> [Problem requirements]:
Give the lines again, unchanged, starting with the line containing "Bob Gwizdz Lake" and ending with the last line of the data below.

*** Opening Dataset ***

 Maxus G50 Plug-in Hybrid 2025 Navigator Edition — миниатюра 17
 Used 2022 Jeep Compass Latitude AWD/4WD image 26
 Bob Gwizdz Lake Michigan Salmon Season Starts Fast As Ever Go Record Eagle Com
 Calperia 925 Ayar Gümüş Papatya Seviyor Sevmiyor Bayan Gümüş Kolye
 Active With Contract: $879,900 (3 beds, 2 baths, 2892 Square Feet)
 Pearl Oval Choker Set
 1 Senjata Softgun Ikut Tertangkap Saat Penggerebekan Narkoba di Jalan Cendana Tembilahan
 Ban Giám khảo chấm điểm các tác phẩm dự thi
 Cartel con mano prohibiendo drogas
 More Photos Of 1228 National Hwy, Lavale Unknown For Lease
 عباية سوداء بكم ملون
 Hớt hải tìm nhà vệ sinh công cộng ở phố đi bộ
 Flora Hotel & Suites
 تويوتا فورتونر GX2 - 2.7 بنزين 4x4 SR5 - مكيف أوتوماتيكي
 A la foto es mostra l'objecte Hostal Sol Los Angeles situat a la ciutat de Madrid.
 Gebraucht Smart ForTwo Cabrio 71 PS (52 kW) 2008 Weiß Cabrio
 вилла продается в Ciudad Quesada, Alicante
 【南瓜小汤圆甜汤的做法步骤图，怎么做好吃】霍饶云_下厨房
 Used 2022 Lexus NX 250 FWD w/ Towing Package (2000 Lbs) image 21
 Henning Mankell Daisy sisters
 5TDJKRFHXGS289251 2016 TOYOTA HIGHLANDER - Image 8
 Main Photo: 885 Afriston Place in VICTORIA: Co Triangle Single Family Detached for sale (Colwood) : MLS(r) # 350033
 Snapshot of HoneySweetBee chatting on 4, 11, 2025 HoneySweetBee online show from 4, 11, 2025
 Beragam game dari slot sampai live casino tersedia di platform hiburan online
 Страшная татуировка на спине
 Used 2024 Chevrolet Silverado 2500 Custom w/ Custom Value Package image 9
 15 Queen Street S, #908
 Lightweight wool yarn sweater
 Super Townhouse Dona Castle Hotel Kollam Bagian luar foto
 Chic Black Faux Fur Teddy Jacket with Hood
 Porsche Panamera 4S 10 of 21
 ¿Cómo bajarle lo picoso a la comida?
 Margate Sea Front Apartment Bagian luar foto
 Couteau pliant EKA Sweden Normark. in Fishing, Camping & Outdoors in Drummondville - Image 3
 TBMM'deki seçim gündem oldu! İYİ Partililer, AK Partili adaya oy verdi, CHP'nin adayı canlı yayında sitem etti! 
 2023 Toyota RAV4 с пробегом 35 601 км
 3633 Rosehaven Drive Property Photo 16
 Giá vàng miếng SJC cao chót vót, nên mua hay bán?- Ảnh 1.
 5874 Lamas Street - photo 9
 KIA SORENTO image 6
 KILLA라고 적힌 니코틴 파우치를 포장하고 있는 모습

*** Closing Dataset ***

> [Task output]:
 Bob Gwizdz Lake Michigan Salmon Season Starts Fast As Ever Go Record Eagle Com
 Calperia 925 Ayar Gümüş Papatya Seviyor Sevmiyor Bayan Gümüş Kolye
 Active With Contract: $879,900 (3 beds, 2 baths, 2892 Square Feet)
 Pearl Oval Choker Set
 1 Senjata Softgun Ikut Tertangkap Saat Penggerebekan Narkoba di Jalan Cendana Tembilahan
 Ban Giám khảo chấm điểm các tác phẩm dự thi
 Cartel con mano prohibiendo drogas
 More Photos Of 1228 National Hwy, Lavale Unknown For Lease
 عباية سوداء بكم ملون
 Hớt hải tìm nhà vệ sinh công cộng ở phố đi bộ
 Flora Hotel & Suites
 تويوتا فورتونر GX2 - 2.7 بنزين 4x4 SR5 - مكيف أوتوماتيكي
 A la foto es mostra l'objecte Hostal Sol Los Angeles situat a la ciutat de Madrid.
 Gebraucht Smart ForTwo Cabrio 71 PS (52 kW) 2008 Weiß Cabrio
 вилла продается в Ciudad Quesada, Alicante
 【南瓜小汤圆甜汤的做法步骤图，怎么做好吃】霍饶云_下厨房
 Used 2022 Lexus NX 250 FWD w/ Towing Package (2000 Lbs) image 21
 Henning Mankell Daisy sisters
 5TDJKRFHXGS289251 2016 TOYOTA HIGHLANDER - Image 8
 Main Photo: 885 Afriston Place in VICTORIA: Co Triangle Single Family Detached for sale (Colwood) : MLS(r) # 350033
 Snapshot of HoneySweetBee chatting on 4, 11, 2025 HoneySweetBee online show from 4, 11, 2025
 Beragam game dari slot sampai live casino tersedia di platform hiburan online
 Страшная татуировка на спине
 Used 2024 Chevrolet Silverado 2500 Custom w/ Custom Value Package image 9
 15 Queen Street S, #908
 Lightweight wool yarn sweater
 Super Townhouse Dona Castle Hotel Kollam Bagian luar foto
 Chic Black Faux Fur Teddy Jacket with Hood
 Porsche Panamera 4S 10 of 21
 ¿Cómo bajarle lo picoso a la comida?
 Margate Sea Front Apartment Bagian luar foto
 Couteau pliant EKA Sweden Normark. in Fishing, Camping & Outdoors in Drummondville - Image 3
 TBMM'deki seçim gündem oldu! İYİ Partililer, AK Partili adaya oy verdi, CHP'nin adayı canlı yayında sitem etti! 
 2023 Toyota RAV4 с пробегом 35 601 км
 3633 Rosehaven Drive Property Photo 16
 Giá vàng miếng SJC cao chót vót, nên mua hay bán?- Ảnh 1.
 5874 Lamas Street - photo 9
 KIA SORENTO image 6
 KILLA라고 적힌 니코틴 파우치를 포장하고 있는 모습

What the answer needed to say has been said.